Am Mittwoch, 18. November 2009 18:27:30 schrieb Jamie Lokier:
> > No. Your logic is flawed
> >
> > The BKL is protected something here - it protects the change of offset
> > with respect to other BKL users within drivers. The question is what if
> > anything in any other driver code depends upon the BKL and uses it to
> > protect f_pos. Probably very little if anything but a grep for f_pos
> > through the drivers might not be a bad idea before assuming this. Very
> > few touch f_pos except in their own llseek method.
>
> Of course, drivers shouldn't be using f_pos outside their llseek
> method, as they should all behave the same with pread/pwrite as with
> llseek+read/write.

Might not a driver update f_pos after read/write?

Regards
Oliver

2009-11-18 17:50:05

by Jamie Lokier

[permalink] [raw]
Subject: Re: [PATCH 1/2] BKL: Remove BKL from default_llseek()

Oliver Neukum wrote:
> Am Mittwoch, 18. November 2009 18:27:30 schrieb Jamie Lokier:
> > > No. Your logic is flawed
> > >
> > > The BKL is protected something here - it protects the change of offset
> > > with respect to other BKL users within drivers. The question is what if
> > > anything in any other driver code depends upon the BKL and uses it to
> > > protect f_pos. Probably very little if anything but a grep for f_pos
> > > through the drivers might not be a bad idea before assuming this. Very
> > > few touch f_pos except in their own llseek method.
> >
> > Of course, drivers shouldn't be using f_pos outside their llseek
> > method, as they should all behave the same with pread/pwrite as with
> > llseek+read/write.
>
> Might not a driver update f_pos after read/write?

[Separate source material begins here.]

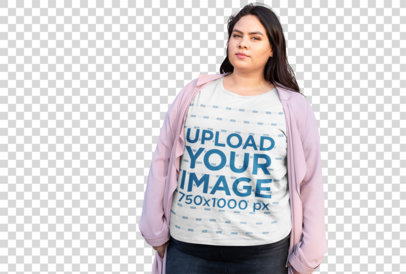Transparent Plus Size Tee Mockup of a Woman with a Pink Coat Posing by a Brick Wall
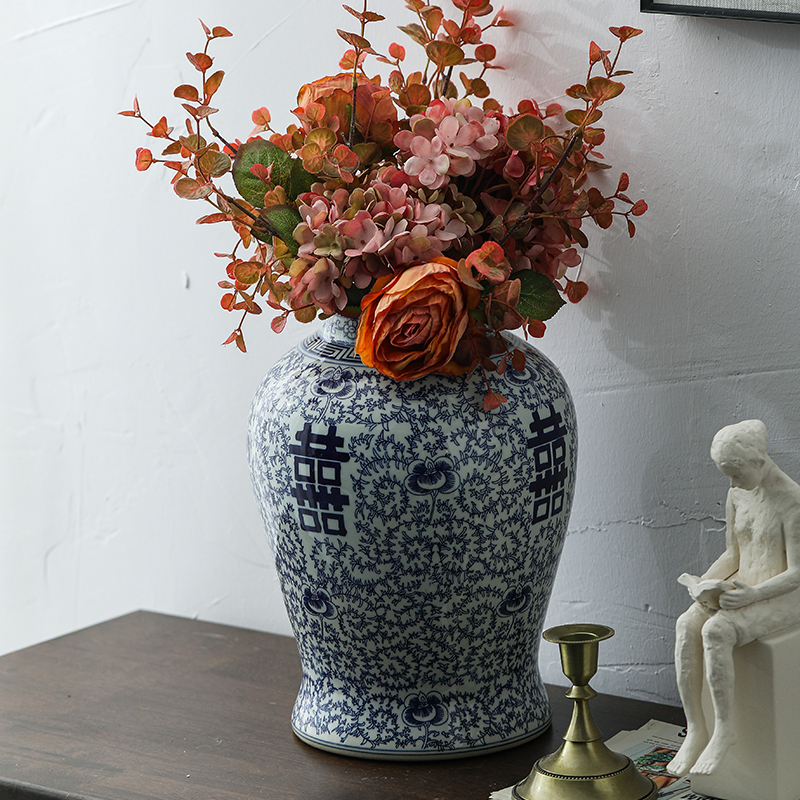 General happy character canister to antique antique porcelain jingdezhen ceramics happy character cover General can happy character as cans ceramic pot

It could indirectly, through *ppos.

There should be no direct accesses to f_pos outseek llseek. If there
are still, those might indicate driver bugs. (I'm not 100% sure about
this - hence asking).

Drivers used to update f_pos indirectly through *ppos, and for this,
Alan's observation about BKL protecting the value from changing does apply.

But nowadays, even that doesn't happen. sys_read() and sys_write()
make a copy of f_pos using file_pos_read(), so drivers cannot see the
value change during the call - except for their own change.

I find myself wondering why the VFS isn't responsible for the position
update instead of the driver... Would it be a valid cleanup to move
it from the driver to VFS?

-- Jamie

2009-11-18 17:53:08

by Jan Blunck

[permalink] [raw]
Subject: Re: [PATCH 1/2] BKL: Remove BKL from default_llseek()

On Wed, Nov 18, Alan Cox wrote:

> > Using the BKL in llseek() does not protect the inode's i_size from
> > modification since the i_size is protected by a seqlock nowadays. Since
> > default_llseek() is already using the i_size_read() wrapper it is not the
> > BKL which is serializing the access here.
> > The access to file->f_pos is not protected by the BKL either since its
> > access in vfs_write()/vfs_read() is not protected by any lock. If the BKL
> > is not protecting anything here it can clearly get removed.
>
> No. Your logic is flawed
>
> The BKL is protected something here - it protects the change of offset
> with respect to other BKL users within drivers. The question is what if
> anything in any other driver code depends upon the BKL and uses it to
> protect f_pos. Probably very little if anything but a grep for f_pos
> through the drivers might not be a bad idea before assuming this. Very
> few touch f_pos except in their own llseek method.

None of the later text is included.